I shake my head, "You're beautiful, you're smart, kind and strong. Okay? The opposite of me, I'm weak, stupid and fucking broken." I blurt, using my hands to gesture.

"You're an amazing person, Jace, inside and out."

"No, no I'm not, I can't feel anymore, I don't feel anything anymore-" I tell her, cutting myself off.

She holds my hands, "It's okay, you can tell me."

"I'm really fucked up Lily. I-I have BPD." I tell her, her being the first person I've told.

She blinks, trying to hide her worry and confusion, "How do you know that?" She asks, her voice showing how scared of the disorder she is.

"I could tell something wasn't right in my head. So the day I turned eighteen, about six months ago, I went and talked to a psychiatrist. She told me the emptiness I feel is a side effect of having borderline personality disorder. She gave me meds, that helped with the moodswings and the anger but did nothing for the numbness. I felt so fucking pathetic going back to her and saying that what works for other people doesn't work for me. So I didn't." I confess. I feel better for a moment, before it set in what I told her.

"Wow okay." She mutters, looking down. "First of all nothing's wrong with you. It's not your fault you're mentally ill." She tells me, as I release the breath I didn't realize I was holding.
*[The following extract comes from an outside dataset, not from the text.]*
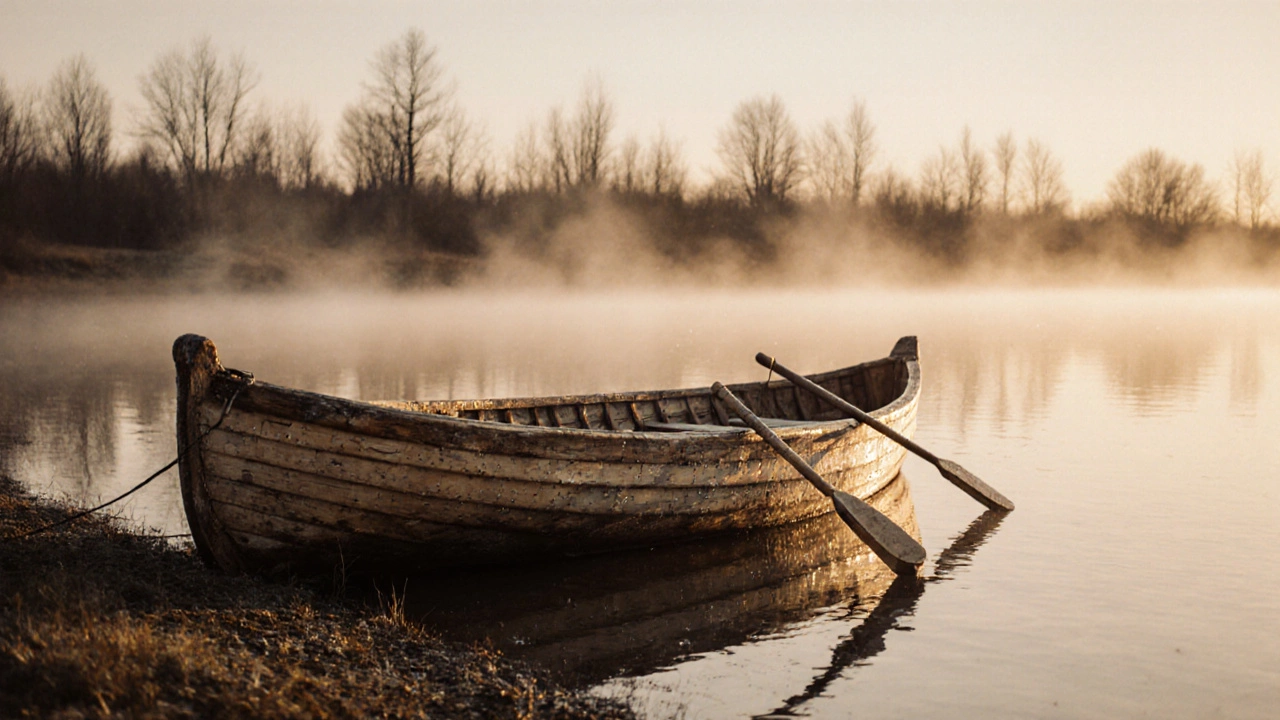 Как называют маленькую рыболовную лодку: распространённые названия и их происхождение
"What about what you said about people that self harm? You said they're fucked up, and they are, I am." I choke out.

She shakes her head, "I was ignorante, I have never been around some who did...that, so I didn't understand. I'm so sorry." She tells me, truthfully

"So you don't wanna stop seeing me?" I question, looking at the floor and preparing for her answer.

A look of shock comes over her face, "What? Of course not, I love you, all of you." She says, pulling me into a tight hug.